Fannie and Freddie Employees Rake in the Big Bucks

If President Obama gets his way, a lot of folks at Fannie Mae and Freddie Mac will be paying higher taxes in 2013 -- and not just the senior executives.

More than 2,000 non-executive senior managers at the two firms were paid over $200,000 in 2011, The Wall Street Journal reports, citing a new report from the Federal Housing Finance Agency. Among those senior managers, the median pay of vice presidents was $388,000 while 1,650 "directors" had a median income of $205,300.

Other findings in the report:

  • The top 90 executives at the two firms took home a combined $92 million last year.

  • The median pay for 23 executive vice presidents was $1.7 million.

  • The median pay for 62 senior vice presidents was $723,500.

Always controversial, Fannie and Freddie have become lighting rods since being taken into conservatorship in 2008 and this report is (almost) guaranteed to generate a strong response.

On the one hand, taxpayers are still nearly $140 billion in the hole for the multiphase rescue of the two firms so reports of big salaries is sure to outrage many.

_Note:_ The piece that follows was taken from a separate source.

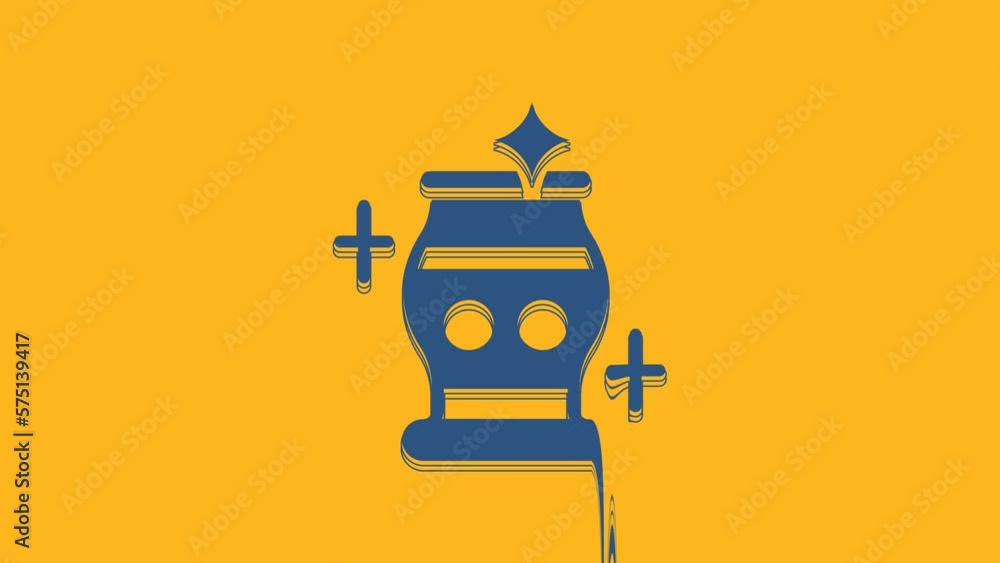 Sticker blue clean vase icon isolated on orange background. 4k video motion graphic animation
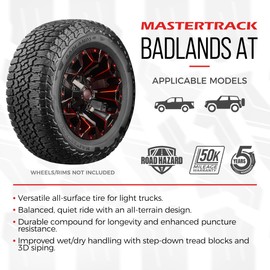 Mastertrack BADLANDS AT All Terrain LT285/75R16 10 Ply E 126S SUV Light Truck Tire + Road Hazard Warranty Included - 285/75/16(Tire Only)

On the other hand, the government has become increasingly reliant on the GSEs since the housing bubble burst: Fannie and Freddie guarantee $5 trillion in outstanding mortgages and fund about two-thirds of new mortgage loans, The WSJ reports.

Given their checkered past, working at Fannie and Freddie doesn't have the same cache as it did during their "glory years" in the 1990s and early 2000s. But the firms have a critical, ongoing role in the housing market which means that the government (and taxpayers) have an incentive to ensure the firms are staffed with qualified employees.

"It is absolutely critical that our compensation is competitive in the market," a Fannie spokeswoman tells The WSJ.

Setting aside whether industry compensation itself is out of whack, "the reality is Fannie and Freddie are non-competitive," says John Tamny, editor of Real Clear Markets. "To say they need to keep these executives around is the problem with bailouts more broadly."

Among others, Tamny thinks we'd all be better if the government had allowed Fannie and Freddie to fail.

"Someone with a clue about profits would have purchased them and they arguably would have fired all these employees who are clearly overpaid," he says. "This is why we have free markets so we can get rid of abuses like this — but then again, Fannie Mae and Freddie Mac don't exist in what anyone would remotely call a free market."

But getting rid of Fannie and Freddie is even harder to contemplate today versus before the housing bubble burst. Just as the banks became "too big to fail" after 2008, the GSEs are more deeply entrenched in the housing market than ever before, as noted above. In addition, Fannie and Freddie have become profitable again, providing a disincentive to lawmakers to rein them in any serious way.

Related: Liquidate Fannie & Freddie: Sheila Bair's Rx for the Financial System (Part 1)

In addition, Tamny notes that dissolving or unwinding Fannie and Freddie today would hit the Federal Reserve, which has become the "size-buyer" of mortgage-backed securities — and is likely to announce an expansion of its bond-buying program this week.

"In my perfect world we'd sell them off and there would be buyers," he says. "But you can't do that because you would probably take the Fed down with it."